There is a list on http://www.w9wi.com/dtvch/dtvch.html and the original should be on http://fcc.gov somewhere. --99.245.244.176 (talk) 11:24, 27 May 2008 (UTC)

4. Using DVRs and VCRs with analog tuners - Recording multiple programs on different networks while away from home requires automatic channel changes. The converter boxes have clocks to facilitate the EPG feature, but cannot be programmed to change channels. As the converter boxes are fixed on one channel it appears the only solution is a programmable remote control with built-in timer. We would need the appropriate IR codes unless the remote is also a “learning” one.

A few CECBs boast that they have VCR timers so you can set them to change channels automatically, but the vast majority will need to be remote-controlled as you suggest. Universal remote programming info would be very useful, although I'm not sure it should go in this comparison chart. Perhaps it could be included in individual articles for each converter box. 63.145.109.66 (talk) 15:49, 29 April 2008 (UTC)
ATSC tuners are only just beginning to find their way into DVD recorders, and the situation for VHS is worse still - most of the ATSC-aware VCR's are combo units.

= Which brands/models specify VCR/DVR IR control?

Those with a "T" in the last column on the chart. I only see one, the Dishnetwork DTVPAL, but there may be more. Also note that you can record one station just by leaving the CECB turned on and tuned to that channel; it's only recording two or more stations during a period when you're away that requires this feature. StuRat (talk) 16:09, 21 May 2008 (UTC)
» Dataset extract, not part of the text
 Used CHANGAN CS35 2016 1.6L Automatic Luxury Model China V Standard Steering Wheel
5. Channel Jumps - Bummer! Gone are the days of a quick check on what is playing on the last channel visited. Station acquisition for the decode process takes time. The only solution would be two set-tops on a TV set having dual inputs, like those with picture-In-Picture. (Use different set-top brands so the remote control signals do not interfere with each other.)

I have a Digital Stream DTX9900. Channel changes are actually pretty snappy, only slightly slower than analog and in fact quicker than with a cable company provided digital STB. You're probably right about it though, the performance of this box isn't indicative of every CECB. --97.114.3.201 (talk) 19:07, 13 May 2008 (UTC)

Comments are welcomed.

I've noticed that channel changes are faster on an ATSC-capable TV than on an old circa-1993 analogue set plugged into an ATSC DVD recorder as a set-top box. Annoying, that. It can take a couple of seconds or more for some units to lock onto a new signal. Even the computer video capture adapters (such as the WinTV HVR-950) are noticeably slower to change digital channels than analogue, even though their output is USB and presumably fully-digital. --66.102.80.212 (talk) 04:05, 20 May 2008 (UTC)
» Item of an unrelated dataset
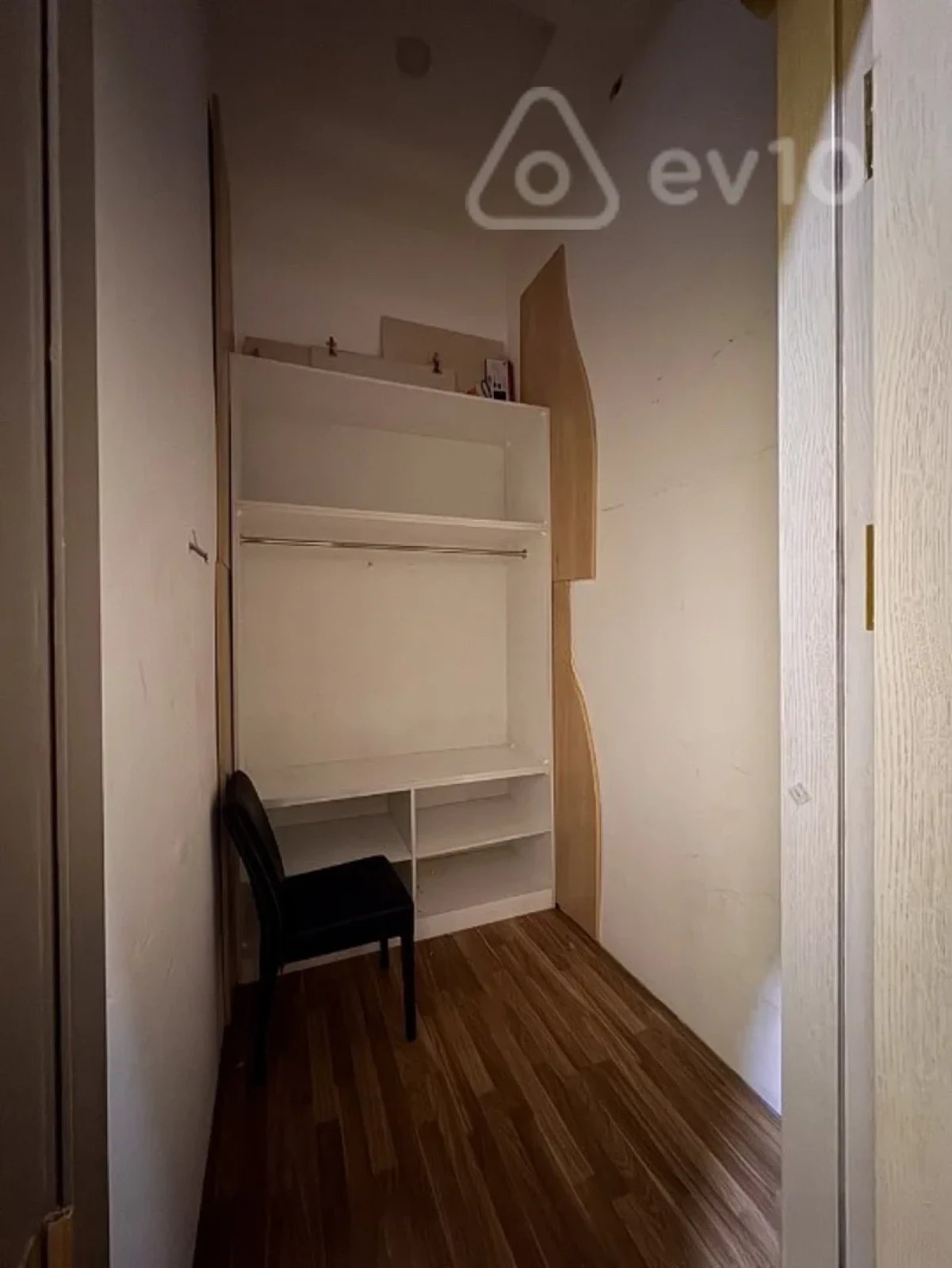 Kirayə verilir 3 otaqlı ofis 120 m²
= Wallmart and Radio Shack only stock the low-end boxes and the coupons will expire soon.

Twiddledee123 (talk) 20:58, 28 April 2008 (UTC)

Coupons? Try even finding the *boxes* if you're in Canada or México, it's an exercise in frustration at best even though many of the stations received are US-based and affected by this transition. ATSC TV's are plentiful, but DVD units are mostly not ATSC-aware (possibly because whatever can't be sold stateside after transition is going to end up dumped in other NTSC countries) and CECB-style units are nowhere to be found except on eBay or in the US itself. --66.102.80.212 (talk) 04:05, 20 May 2008 (UTC)

[edit] Digital CC, for real?

I'm concerned about getting a box that supports the new digital closed caption standard, and I see that many of the boxes in the list are specified with "D" in the Other Features column, but I wonder how reliable this information is? I've picked a few boxes out of the pack and followed the links to see the manufacturers' promotional materials, but typically these spec sheets only say "closed captioning", not digital CC. Support for the old standard is required by the FCC, so this isn't really telling you anything. Are there people updating this page who perhaps don't get the difference? I realize this chart is not intended to be authoritative, and that the "emptor" should always double-check facts for himself before buying, but still... it would be nice if we could count on the info provided here to a minimal extent. It's too bad there's no (easy) way to attribute information updates to particular editors... Himatsu Bushi (talk) 22:37, 17 May 2008 (UTC)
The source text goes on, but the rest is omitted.